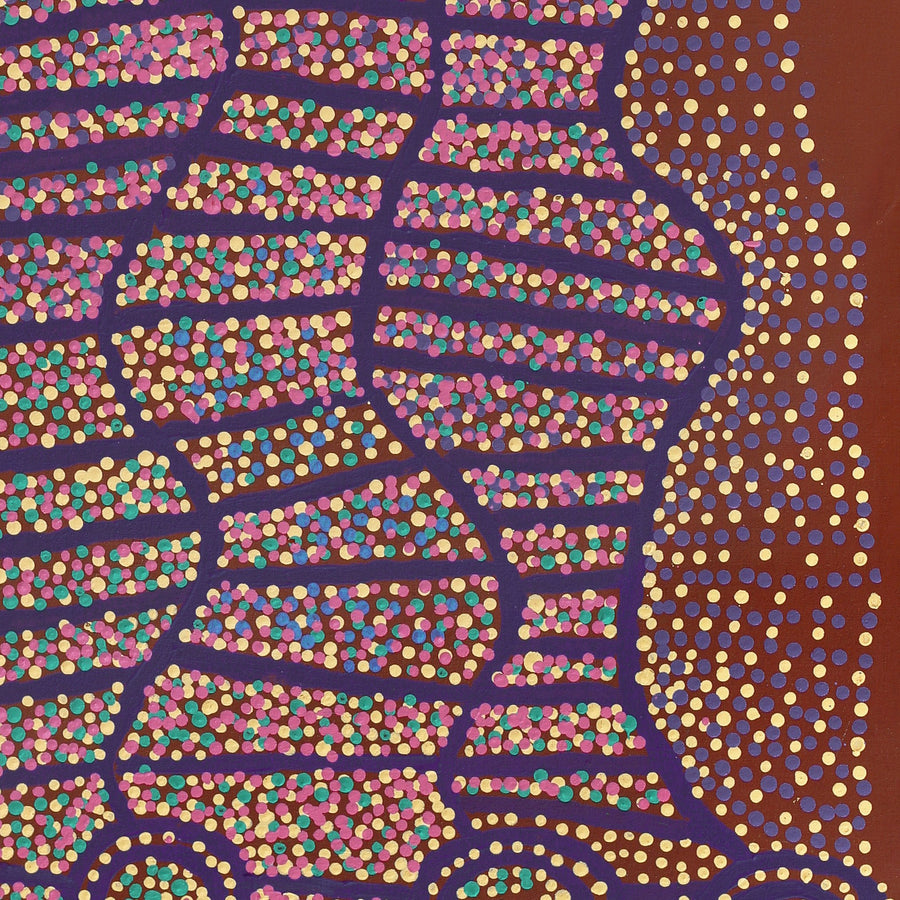 Aboriginal Artwork by Shorty Jangala Robertson, Ngapa Jukurrpa (Water Dreaming) - Puyurru, 107x61cm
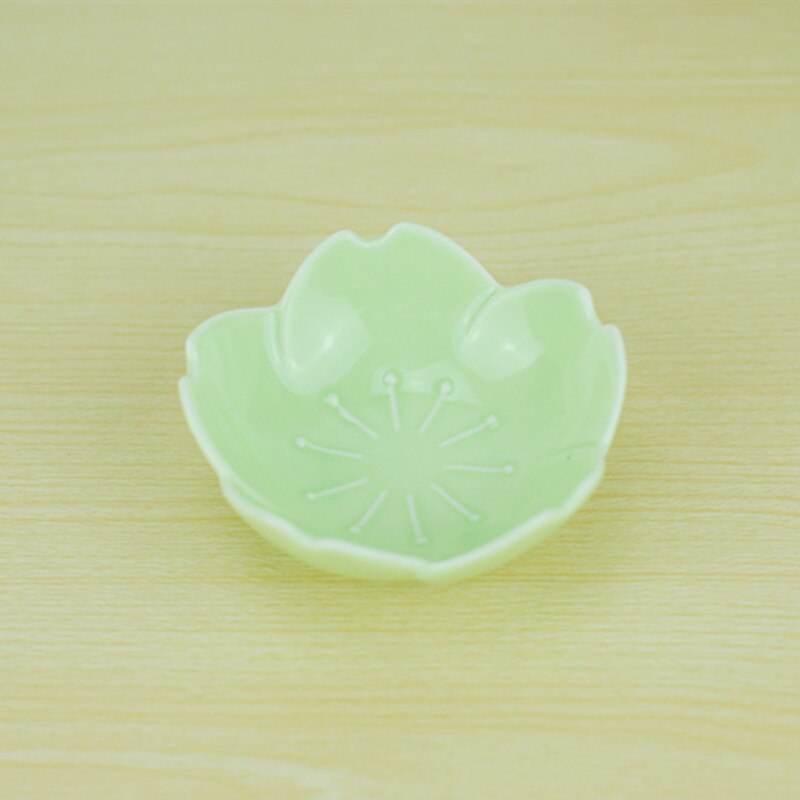 Japanske sakura keramiske fade tallerken kirsebærblomster benporcelæn tallerken fast glasur snack eddike sauce tallerken køkken porcelæn: Grøn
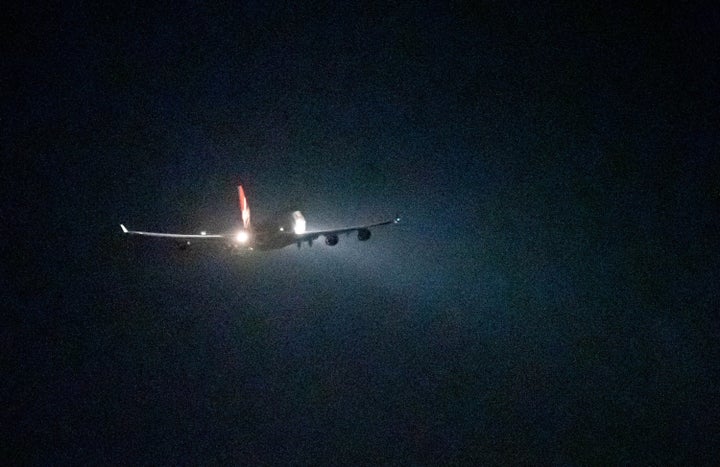 A repurposed Virgin Atlantic Boeing 747 aircraft, named Cosmic Girl, carrying Virgin Orbit's LauncherOne rocket, takes off from Spaceport Cornwall at Cornwall Airport, Newquay.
▬▬▬▬▬▬▬▬▬▬
**Requirement**
All of the data should be returned word for word, with each picture left out.

**Exercise solution**
 Aboriginal Artwork by Shorty Jangala Robertson, Ngapa Jukurrpa (Water Dreaming) - Puyurru, 107x61cm
 Japanske sakura keramiske fade tallerken kirsebærblomster benporcelæn tallerken fast glasur snack eddike sauce tallerken køkken porcelæn: Grøn
 A repurposed Virgin Atlantic Boeing 747 aircraft, named Cosmic Girl, carrying Virgin Orbit's LauncherOne rocket, takes off from Spaceport Cornwall at Cornwall Airport, Newquay.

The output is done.